The EU claims that the operation's objectives are 'the protection of vessels of the World Food Programme delivering food aid to displaced persons in Somalia, of vulnerable vessels cruising off the Somali coast, and the deterrence, prevention and repression of acts of piracy and armed robbery off the Somali coast'.
To that effect, since Dec 2008 EU war ships and planes and several hundred soldiers patrol the Indian Ocean to chase what the EU calls 'Somali pirates'.
However, critics of the operation suggest that its hidden mission is to protect European vessels accused by Somali seafarers and international organisations of another form of piracy: illegal fishing and the dumping of toxic waste, including radioactive material, in Somali waters.
One example of the EU’s protection of vessels fishing illegally in the waters of the Horn of Africa is the Spanish tuna fishing boat Alakrana. In Oct 2009, Somali pirates seized the boat, arguing that it was fishing illegally in Somali waters.
Almost two months later, the Somali pirates released the boat for a ransom of some four million dollars after several attempts by the Spanish army to free the Alakrana had failed.
The Somali allegations that the Alakrana was illegally fishing in the Indian Ocean were never investigated. For Jack Thurston, a London-based activist monitoring EU subsidies for European companies, 'it is almost certain that the Alakrana was fishing for species that are on the endangered list or not far from it'.
Thurston, founder and managing director of Fishsubsidy.org, a watchdog group that researches the EU’s subsidies for fisheries, told IPS that 'the construction of Alakrana was part-funded by EU taxpayers to the tune of more than 4.2 million euro'.

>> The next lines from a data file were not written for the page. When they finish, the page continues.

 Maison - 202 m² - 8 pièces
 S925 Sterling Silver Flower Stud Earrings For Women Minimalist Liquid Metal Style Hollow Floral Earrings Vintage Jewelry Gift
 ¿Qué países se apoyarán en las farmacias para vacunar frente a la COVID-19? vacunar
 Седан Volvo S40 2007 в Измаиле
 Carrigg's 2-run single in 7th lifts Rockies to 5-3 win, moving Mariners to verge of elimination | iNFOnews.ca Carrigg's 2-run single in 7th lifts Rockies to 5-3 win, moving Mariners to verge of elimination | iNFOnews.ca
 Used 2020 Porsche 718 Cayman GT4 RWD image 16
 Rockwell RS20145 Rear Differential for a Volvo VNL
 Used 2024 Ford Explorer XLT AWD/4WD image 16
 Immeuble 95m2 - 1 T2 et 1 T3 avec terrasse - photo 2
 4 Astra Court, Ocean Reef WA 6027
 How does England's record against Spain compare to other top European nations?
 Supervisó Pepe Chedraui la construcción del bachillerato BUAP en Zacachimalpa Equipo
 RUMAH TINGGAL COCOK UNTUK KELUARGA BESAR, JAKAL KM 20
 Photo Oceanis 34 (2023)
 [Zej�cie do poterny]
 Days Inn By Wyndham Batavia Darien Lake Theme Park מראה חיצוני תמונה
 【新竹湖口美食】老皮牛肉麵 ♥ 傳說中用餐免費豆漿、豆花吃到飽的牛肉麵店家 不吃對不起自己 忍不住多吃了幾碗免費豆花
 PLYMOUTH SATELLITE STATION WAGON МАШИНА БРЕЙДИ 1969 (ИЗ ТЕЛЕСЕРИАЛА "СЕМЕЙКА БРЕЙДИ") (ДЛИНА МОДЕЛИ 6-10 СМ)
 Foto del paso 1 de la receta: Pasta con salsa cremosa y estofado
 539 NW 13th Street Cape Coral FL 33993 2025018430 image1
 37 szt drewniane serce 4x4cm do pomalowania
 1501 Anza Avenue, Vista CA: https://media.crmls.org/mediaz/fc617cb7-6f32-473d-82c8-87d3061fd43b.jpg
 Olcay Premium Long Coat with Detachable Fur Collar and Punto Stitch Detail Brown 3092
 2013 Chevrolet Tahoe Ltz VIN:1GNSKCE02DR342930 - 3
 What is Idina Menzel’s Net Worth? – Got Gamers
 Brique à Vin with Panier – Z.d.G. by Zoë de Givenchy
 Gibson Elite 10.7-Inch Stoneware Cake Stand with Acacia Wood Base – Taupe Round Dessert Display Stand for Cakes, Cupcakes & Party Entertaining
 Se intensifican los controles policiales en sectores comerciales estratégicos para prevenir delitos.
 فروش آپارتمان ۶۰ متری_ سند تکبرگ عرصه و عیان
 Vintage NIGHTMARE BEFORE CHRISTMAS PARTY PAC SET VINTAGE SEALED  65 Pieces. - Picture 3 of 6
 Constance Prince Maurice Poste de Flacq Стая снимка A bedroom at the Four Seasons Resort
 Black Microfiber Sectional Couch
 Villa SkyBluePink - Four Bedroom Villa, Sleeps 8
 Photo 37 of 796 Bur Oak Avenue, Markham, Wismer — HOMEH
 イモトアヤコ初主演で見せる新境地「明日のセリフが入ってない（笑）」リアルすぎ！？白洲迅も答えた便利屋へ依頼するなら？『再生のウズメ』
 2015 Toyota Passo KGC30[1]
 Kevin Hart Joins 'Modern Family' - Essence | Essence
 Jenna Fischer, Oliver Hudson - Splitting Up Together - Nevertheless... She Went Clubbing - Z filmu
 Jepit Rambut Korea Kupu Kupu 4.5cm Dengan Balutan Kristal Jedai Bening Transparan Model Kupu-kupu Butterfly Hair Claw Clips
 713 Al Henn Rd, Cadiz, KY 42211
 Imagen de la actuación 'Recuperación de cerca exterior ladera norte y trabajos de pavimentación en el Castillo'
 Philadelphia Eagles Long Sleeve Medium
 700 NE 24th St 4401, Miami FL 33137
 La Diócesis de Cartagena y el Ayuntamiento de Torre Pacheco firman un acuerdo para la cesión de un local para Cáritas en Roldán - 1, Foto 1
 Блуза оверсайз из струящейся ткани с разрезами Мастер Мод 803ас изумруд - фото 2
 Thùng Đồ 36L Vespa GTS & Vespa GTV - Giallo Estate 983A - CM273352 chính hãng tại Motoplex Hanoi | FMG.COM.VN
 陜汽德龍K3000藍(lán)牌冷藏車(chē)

Allegations that EU companies have been fishing illegally and dumping toxic waste in Somali waters have been frequent since a tsunami in Dec 2004 washed ashore containers full with medical, radioactive and chemical waste on the coast of Somalia.
This casual discovery was later confirmed by the UN Environment Programme (UNEP). 'Initial reports indicate that the tsunami waves broke open containers full of toxic waste and scattered the contents. We are talking about everything from medical waste to chemical waste products,' Nick Nuttal, UNEP spokesperson, said at the time.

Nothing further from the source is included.